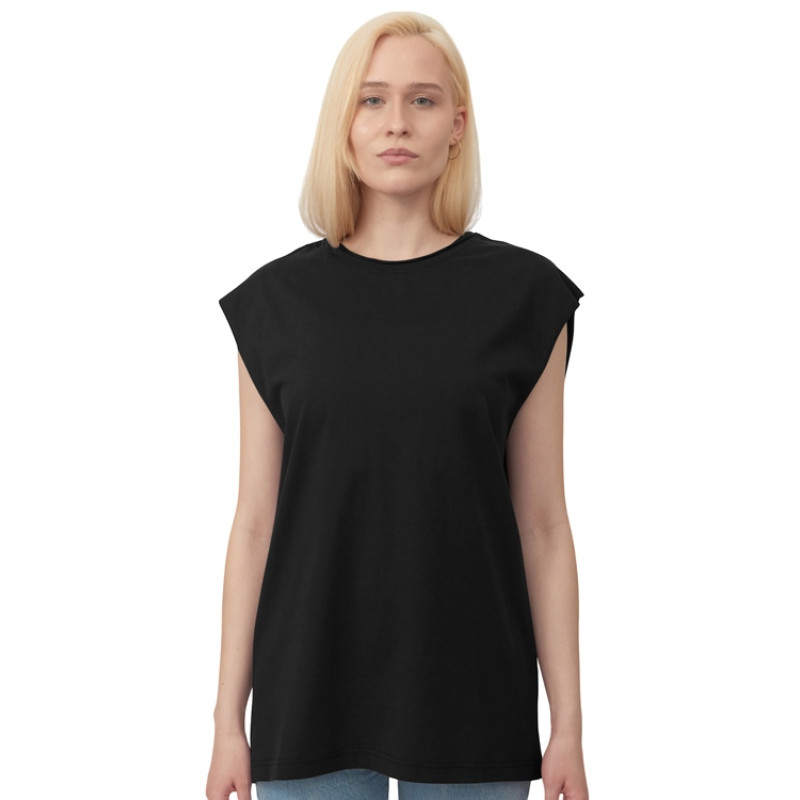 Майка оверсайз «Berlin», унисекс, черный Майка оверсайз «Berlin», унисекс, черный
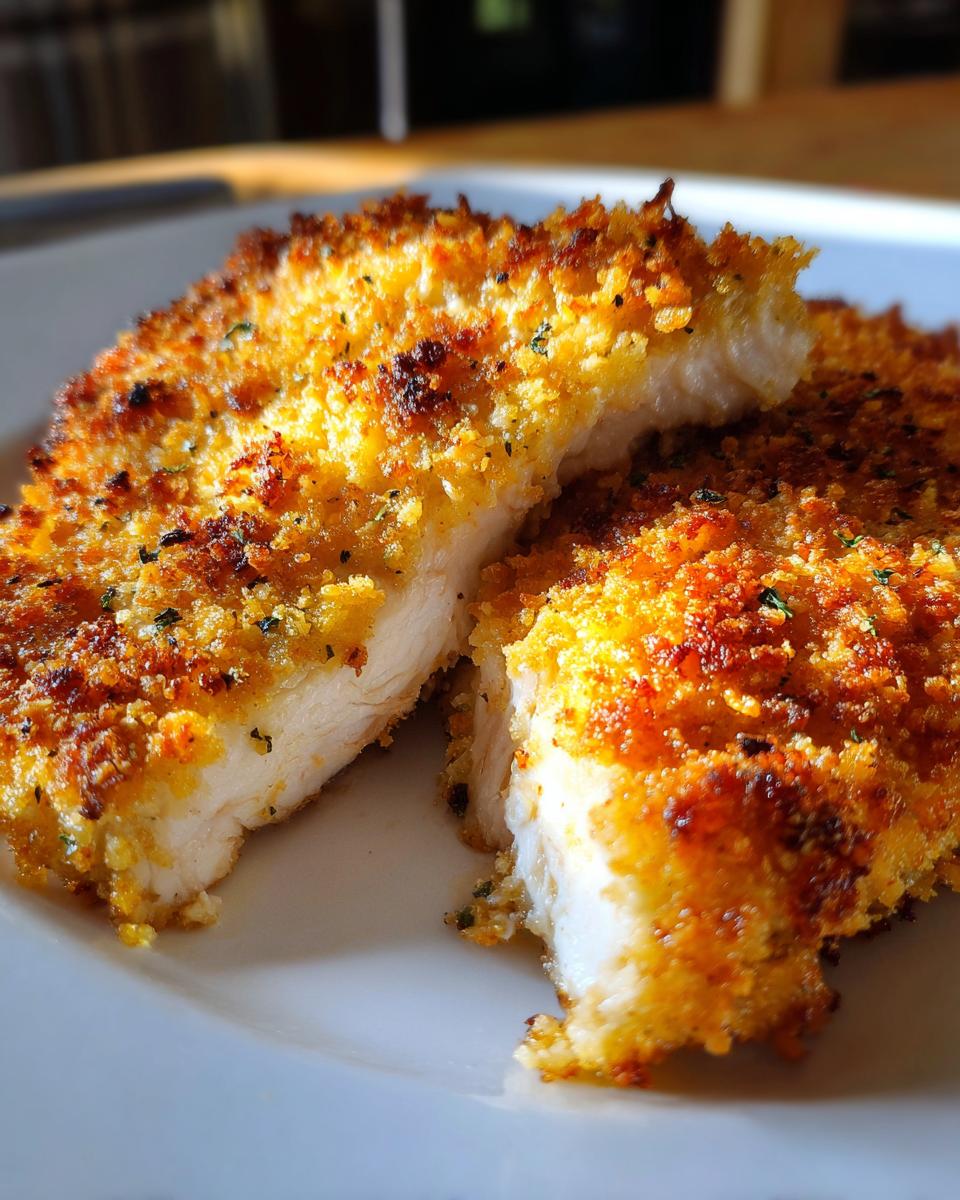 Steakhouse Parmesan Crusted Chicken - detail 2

************

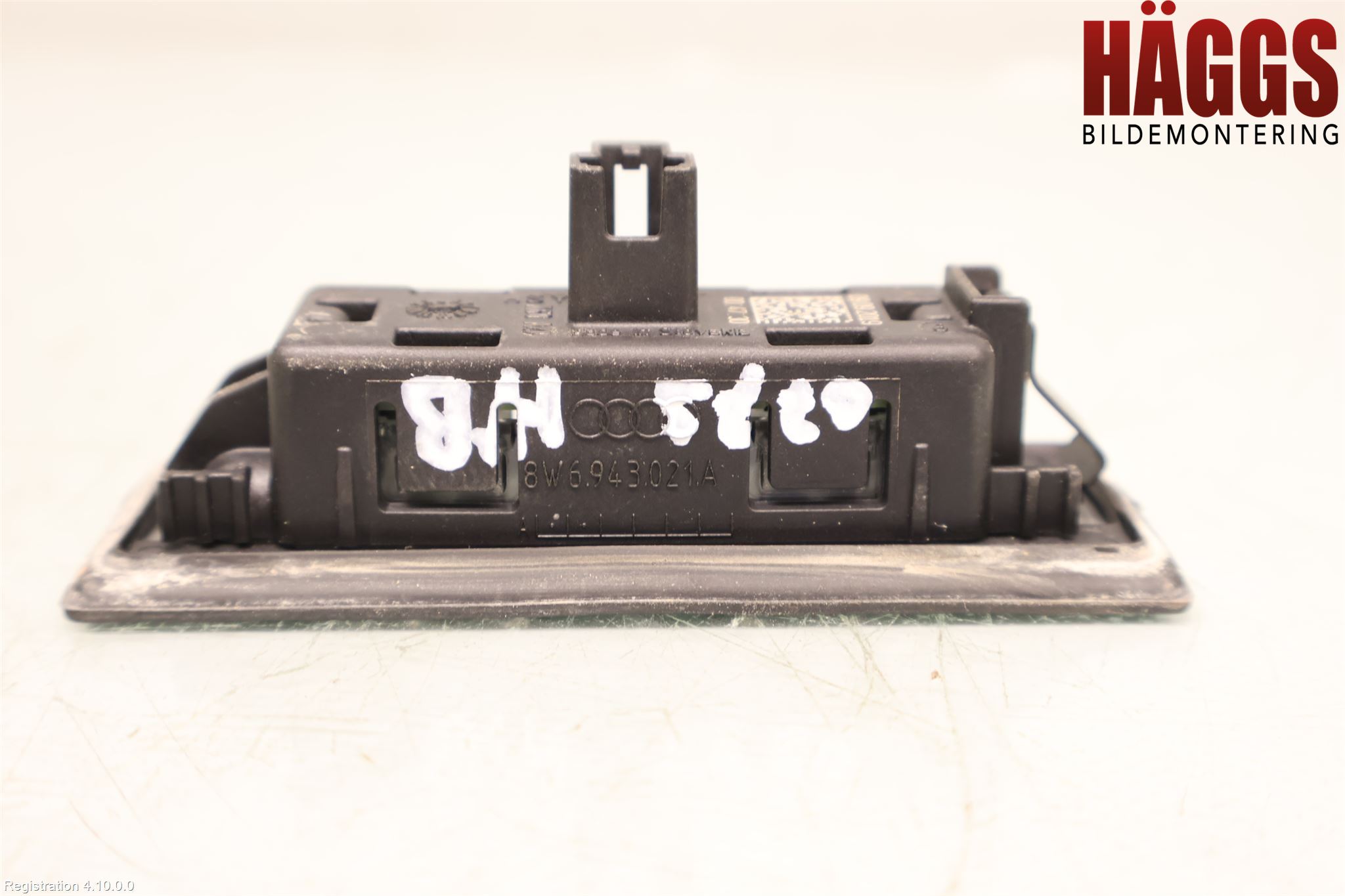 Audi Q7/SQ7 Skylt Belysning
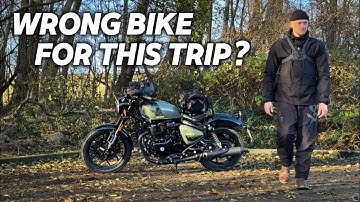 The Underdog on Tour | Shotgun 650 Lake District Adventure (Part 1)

************

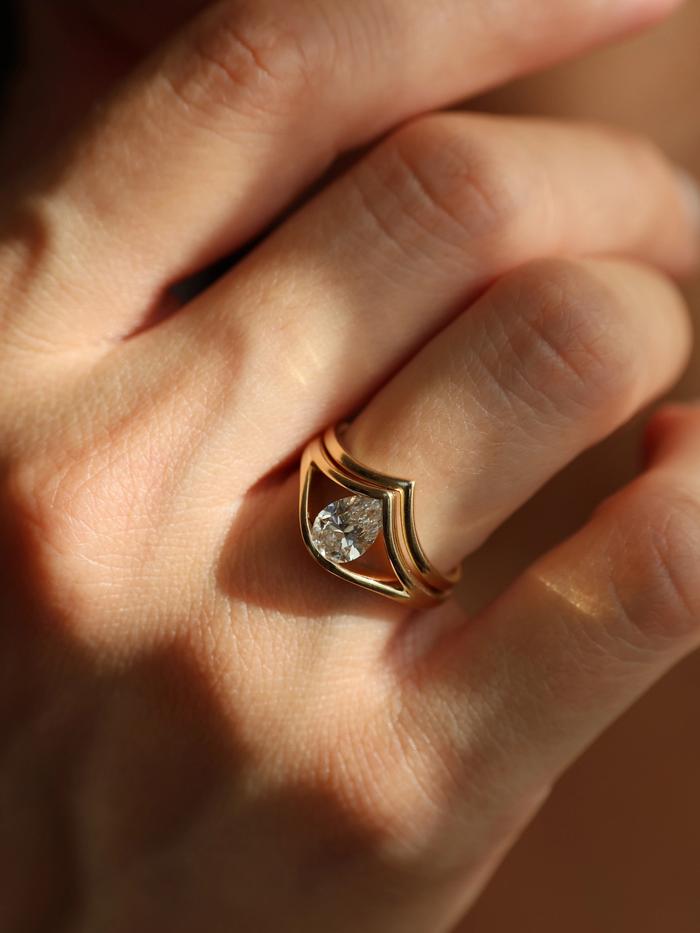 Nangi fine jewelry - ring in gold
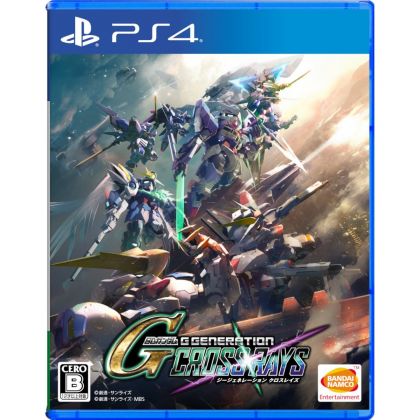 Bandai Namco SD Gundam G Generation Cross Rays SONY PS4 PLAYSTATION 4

************

(Task goal):
Copy the listing above exactly, but only from the line with "унисекс, черный Майка" through the line with "Steakhouse Parmesan Crusted", including those two lines and excluding any picture.

(Answer box):
 Майка оверсайз «Berlin», унисекс, черный Майка оверсайз «Berlin», унисекс, черный
 Steakhouse Parmesan Crusted Chicken - detail 2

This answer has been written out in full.